Please excuse this rather long winded rambling, but I'd be interested if it provokes any thoughts from others. There is something very different about the speaker's design, in the way it presents itself to the amplifier. It has the following atributes:

Low impedance
Substantially invariant, non reactive impedance vs. frequency.
Weak motor coupling.

This is in stark contrast to conventional "cone+voicecoil" drivers with a very efficient motor (close coupled voicecoil and magnet) and "mass on a spring" diaphragm. These have a reactive nature, also, movement of the voicecoil generates an appreciable back e.m.f. This will cause the speaker and amplifier to have significant interaction. Certainly, the amp can control the speaker, providing damping, but it must work to do this, using it's feedback loop to react against the back e.m.f.

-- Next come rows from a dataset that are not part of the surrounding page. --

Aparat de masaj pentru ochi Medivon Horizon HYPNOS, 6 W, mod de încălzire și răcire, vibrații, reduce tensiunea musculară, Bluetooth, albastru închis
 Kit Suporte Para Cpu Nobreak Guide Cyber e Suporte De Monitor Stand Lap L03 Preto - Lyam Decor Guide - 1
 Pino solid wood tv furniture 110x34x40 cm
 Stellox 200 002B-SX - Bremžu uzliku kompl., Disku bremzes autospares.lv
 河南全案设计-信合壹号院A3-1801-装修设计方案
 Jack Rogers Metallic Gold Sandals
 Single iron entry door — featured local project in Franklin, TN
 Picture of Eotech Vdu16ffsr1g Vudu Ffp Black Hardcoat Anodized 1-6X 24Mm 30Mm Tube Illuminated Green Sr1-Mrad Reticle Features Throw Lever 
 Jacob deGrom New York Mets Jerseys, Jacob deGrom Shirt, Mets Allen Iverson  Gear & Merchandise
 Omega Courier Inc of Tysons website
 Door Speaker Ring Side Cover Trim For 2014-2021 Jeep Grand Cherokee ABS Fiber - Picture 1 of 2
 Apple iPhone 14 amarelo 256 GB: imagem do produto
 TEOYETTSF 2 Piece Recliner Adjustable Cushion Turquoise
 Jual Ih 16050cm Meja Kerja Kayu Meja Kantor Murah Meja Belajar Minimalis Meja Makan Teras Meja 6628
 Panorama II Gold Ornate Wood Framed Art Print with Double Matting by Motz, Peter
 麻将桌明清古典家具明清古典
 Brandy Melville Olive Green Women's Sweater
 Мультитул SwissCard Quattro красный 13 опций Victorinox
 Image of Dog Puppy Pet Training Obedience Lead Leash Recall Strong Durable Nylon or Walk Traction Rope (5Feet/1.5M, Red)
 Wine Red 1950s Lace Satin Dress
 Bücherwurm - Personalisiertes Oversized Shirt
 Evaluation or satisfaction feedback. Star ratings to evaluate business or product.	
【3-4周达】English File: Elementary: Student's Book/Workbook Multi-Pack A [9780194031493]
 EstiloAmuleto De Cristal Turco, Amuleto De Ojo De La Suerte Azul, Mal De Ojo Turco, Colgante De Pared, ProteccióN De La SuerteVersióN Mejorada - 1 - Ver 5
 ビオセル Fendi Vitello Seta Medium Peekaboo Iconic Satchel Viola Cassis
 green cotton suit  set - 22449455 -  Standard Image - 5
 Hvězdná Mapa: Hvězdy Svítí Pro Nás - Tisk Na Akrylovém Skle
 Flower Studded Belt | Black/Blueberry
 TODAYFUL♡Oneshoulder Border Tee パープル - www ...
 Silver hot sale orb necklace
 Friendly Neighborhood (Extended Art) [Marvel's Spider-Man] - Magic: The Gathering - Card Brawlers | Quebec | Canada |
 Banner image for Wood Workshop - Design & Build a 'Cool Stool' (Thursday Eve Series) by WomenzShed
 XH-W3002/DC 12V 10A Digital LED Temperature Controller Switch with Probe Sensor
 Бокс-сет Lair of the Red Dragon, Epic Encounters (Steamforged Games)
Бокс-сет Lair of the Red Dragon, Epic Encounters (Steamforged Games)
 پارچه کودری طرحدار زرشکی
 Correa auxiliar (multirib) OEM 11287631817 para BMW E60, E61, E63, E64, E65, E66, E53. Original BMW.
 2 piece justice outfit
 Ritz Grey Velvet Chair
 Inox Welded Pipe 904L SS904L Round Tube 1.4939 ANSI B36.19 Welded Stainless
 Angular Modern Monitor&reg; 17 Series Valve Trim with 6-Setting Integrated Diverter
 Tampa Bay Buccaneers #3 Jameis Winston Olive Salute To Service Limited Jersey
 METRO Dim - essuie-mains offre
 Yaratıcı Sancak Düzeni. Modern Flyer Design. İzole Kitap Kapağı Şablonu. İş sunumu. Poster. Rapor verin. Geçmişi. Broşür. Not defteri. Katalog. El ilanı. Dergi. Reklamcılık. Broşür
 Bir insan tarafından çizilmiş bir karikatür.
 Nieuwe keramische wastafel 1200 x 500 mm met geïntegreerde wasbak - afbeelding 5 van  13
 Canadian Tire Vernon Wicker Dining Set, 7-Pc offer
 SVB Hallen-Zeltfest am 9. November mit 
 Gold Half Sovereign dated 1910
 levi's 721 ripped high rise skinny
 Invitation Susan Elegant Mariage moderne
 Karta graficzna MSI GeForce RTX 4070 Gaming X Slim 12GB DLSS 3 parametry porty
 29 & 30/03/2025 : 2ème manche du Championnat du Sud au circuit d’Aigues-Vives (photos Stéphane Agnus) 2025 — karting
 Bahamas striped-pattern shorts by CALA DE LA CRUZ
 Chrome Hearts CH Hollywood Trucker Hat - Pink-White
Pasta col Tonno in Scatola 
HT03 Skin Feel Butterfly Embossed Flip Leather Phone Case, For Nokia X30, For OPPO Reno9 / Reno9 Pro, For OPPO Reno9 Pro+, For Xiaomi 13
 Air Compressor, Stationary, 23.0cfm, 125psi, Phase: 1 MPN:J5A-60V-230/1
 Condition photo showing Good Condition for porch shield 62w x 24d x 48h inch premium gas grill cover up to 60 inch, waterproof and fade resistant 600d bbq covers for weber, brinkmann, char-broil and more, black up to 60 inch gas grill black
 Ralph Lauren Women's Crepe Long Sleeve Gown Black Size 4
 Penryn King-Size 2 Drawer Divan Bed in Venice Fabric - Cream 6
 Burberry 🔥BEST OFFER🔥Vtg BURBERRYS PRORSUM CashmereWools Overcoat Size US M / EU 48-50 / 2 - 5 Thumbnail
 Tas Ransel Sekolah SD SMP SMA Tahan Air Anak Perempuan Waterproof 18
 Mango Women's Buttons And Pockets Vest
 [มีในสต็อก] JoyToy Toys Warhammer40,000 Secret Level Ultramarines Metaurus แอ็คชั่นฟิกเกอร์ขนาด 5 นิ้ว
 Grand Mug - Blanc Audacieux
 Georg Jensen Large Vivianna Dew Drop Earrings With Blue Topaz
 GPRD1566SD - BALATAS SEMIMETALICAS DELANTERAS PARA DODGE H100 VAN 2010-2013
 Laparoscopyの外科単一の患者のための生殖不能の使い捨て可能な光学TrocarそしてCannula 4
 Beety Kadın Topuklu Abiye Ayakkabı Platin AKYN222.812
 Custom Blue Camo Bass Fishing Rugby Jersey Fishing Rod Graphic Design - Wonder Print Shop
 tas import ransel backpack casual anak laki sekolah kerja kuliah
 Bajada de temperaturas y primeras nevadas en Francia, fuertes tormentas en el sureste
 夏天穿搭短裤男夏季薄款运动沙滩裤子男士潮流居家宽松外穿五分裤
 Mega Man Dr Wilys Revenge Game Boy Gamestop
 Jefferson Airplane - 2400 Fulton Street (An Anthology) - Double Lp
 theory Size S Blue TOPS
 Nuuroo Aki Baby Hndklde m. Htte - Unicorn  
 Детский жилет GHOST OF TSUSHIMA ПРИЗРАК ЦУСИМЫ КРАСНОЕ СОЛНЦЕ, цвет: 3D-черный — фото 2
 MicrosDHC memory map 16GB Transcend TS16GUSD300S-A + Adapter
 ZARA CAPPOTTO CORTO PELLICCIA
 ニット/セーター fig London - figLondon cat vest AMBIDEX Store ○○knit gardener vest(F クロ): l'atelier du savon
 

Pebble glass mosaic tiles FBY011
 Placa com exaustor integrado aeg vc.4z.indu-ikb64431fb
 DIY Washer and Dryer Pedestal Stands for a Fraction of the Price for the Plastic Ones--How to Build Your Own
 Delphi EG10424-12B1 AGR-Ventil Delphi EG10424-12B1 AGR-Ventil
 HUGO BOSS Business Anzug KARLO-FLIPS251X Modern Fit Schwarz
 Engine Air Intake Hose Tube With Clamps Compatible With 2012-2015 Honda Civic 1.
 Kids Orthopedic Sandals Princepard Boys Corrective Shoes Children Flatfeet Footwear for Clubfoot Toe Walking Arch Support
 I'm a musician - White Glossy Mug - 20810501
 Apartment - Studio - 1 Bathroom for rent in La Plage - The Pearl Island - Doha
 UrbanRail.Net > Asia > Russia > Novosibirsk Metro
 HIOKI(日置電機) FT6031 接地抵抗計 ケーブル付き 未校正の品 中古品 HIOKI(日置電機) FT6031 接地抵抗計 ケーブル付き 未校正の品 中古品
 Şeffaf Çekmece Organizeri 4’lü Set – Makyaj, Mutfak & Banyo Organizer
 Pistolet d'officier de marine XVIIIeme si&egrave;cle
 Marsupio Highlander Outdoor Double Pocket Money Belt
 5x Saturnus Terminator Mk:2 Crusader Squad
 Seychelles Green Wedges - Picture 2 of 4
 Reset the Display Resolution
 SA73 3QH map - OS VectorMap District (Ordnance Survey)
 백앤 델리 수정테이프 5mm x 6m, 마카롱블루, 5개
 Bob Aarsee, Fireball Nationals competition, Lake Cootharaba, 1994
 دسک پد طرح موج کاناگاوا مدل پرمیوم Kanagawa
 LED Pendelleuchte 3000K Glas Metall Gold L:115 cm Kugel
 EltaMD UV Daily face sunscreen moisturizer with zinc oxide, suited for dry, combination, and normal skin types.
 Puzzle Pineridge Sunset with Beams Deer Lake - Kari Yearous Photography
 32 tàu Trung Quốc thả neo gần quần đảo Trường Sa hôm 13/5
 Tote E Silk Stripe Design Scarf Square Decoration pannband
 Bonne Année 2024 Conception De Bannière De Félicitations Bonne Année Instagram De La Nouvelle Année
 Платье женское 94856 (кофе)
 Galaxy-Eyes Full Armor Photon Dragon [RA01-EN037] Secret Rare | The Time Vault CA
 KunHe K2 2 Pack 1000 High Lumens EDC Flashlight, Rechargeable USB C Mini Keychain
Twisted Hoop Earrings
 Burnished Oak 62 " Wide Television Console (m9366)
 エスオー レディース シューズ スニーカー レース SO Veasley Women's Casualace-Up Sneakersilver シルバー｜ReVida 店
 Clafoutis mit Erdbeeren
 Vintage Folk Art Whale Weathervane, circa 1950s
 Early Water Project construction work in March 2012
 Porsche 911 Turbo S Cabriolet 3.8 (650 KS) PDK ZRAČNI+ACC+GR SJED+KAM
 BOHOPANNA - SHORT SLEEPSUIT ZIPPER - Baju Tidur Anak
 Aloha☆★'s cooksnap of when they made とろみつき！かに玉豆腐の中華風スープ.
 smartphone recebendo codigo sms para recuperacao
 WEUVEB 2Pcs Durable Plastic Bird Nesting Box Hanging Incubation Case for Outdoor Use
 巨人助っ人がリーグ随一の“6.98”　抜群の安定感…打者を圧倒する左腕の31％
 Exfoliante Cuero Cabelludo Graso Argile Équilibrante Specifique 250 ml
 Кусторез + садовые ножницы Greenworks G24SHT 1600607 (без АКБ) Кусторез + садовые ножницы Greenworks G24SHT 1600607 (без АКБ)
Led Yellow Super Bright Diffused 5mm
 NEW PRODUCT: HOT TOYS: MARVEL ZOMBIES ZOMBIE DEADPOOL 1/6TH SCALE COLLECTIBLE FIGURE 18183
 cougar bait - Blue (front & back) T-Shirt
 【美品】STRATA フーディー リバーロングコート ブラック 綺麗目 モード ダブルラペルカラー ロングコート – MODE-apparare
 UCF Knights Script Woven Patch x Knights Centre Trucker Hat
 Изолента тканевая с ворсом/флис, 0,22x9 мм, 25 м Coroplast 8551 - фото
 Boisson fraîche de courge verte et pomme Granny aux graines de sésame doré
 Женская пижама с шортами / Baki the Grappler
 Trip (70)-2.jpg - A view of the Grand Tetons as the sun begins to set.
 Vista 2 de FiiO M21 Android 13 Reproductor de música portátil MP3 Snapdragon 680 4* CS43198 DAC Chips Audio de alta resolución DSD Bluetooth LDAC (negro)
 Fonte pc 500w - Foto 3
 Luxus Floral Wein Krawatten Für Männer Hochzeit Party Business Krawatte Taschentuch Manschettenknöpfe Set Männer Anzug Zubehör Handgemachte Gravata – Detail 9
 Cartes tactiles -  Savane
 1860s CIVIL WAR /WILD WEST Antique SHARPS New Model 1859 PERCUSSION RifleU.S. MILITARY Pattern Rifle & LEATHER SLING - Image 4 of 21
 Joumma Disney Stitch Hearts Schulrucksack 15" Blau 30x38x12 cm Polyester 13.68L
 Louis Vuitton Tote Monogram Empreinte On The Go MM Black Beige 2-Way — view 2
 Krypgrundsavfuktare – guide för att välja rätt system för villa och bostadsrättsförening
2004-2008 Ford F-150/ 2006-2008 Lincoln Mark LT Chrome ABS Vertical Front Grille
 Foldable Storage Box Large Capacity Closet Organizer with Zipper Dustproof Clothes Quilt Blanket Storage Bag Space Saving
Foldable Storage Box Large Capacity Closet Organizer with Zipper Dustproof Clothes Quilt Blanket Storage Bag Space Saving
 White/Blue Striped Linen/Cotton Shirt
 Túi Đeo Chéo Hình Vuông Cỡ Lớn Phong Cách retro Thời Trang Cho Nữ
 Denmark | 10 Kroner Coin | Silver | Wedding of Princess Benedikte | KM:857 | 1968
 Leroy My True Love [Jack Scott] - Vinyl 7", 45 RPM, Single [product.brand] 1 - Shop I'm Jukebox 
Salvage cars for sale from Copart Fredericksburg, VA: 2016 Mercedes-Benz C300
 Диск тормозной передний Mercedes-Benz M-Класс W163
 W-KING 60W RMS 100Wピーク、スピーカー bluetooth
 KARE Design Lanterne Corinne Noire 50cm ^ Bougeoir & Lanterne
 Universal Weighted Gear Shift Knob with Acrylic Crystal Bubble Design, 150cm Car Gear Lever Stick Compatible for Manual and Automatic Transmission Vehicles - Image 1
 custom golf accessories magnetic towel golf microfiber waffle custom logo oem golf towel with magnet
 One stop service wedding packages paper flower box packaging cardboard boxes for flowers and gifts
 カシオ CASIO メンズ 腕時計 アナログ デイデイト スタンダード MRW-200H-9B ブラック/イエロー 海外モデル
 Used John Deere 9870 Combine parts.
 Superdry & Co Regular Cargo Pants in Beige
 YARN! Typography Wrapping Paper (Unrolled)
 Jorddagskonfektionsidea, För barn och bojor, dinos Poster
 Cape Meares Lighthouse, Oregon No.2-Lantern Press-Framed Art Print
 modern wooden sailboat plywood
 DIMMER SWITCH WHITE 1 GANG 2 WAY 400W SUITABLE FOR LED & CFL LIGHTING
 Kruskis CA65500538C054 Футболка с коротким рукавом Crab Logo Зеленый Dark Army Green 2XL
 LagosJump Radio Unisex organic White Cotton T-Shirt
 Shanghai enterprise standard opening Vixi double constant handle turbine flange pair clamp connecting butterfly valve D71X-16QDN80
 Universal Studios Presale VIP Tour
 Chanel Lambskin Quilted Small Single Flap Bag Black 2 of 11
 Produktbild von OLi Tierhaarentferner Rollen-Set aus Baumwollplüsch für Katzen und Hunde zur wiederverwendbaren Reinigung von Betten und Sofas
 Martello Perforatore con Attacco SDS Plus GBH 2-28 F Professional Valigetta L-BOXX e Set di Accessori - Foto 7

I remember once playing with a speaker, shorting out its terminals as I tapped the cone gently. When shorted, the effect of damping (and altered resonant freq) was noticable. I also observed this on another speaker when connected to and disconnected from an amplifier. The amplifier's "damping factor" provided an effective short-circuit, and this damping interaction is generally regarded as a good thing.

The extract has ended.